## [Exercise instructions]
Only the lines of the data holding the string "Picture" need to be returned.

## [Dataset excerpts]

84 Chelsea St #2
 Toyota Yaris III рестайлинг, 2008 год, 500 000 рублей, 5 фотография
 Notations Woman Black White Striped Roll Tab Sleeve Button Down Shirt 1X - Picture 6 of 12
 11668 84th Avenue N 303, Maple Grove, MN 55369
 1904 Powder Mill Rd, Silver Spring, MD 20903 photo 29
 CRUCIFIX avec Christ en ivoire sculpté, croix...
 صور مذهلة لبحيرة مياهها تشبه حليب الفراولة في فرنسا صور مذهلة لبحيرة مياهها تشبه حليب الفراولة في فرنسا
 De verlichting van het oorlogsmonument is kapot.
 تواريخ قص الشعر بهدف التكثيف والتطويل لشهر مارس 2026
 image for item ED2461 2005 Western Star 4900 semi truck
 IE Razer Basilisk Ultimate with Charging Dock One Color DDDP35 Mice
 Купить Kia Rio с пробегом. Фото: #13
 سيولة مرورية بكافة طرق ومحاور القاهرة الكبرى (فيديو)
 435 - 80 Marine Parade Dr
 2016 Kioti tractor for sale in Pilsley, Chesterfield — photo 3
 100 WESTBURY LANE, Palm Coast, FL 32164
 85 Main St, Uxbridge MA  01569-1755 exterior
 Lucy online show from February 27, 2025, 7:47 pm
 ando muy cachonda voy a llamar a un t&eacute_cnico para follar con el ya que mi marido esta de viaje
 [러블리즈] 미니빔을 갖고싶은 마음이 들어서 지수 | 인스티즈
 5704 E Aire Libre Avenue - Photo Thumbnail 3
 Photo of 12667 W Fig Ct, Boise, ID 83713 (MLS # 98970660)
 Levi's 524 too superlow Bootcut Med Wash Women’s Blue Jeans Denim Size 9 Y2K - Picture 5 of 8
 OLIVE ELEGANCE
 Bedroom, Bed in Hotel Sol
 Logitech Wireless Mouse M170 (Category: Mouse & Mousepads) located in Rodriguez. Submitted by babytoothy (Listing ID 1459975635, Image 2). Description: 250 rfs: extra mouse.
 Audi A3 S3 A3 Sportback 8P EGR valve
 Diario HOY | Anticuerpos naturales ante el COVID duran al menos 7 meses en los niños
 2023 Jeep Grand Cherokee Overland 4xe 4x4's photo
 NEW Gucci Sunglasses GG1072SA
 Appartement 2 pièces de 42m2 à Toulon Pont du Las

## [Answer section]
 Notations Woman Black White Striped Roll Tab Sleeve Button Down Shirt 1X - Picture 6 of 12
 Levi's 524 too superlow Bootcut Med Wash Women’s Blue Jeans Denim Size 9 Y2K - Picture 5 of 8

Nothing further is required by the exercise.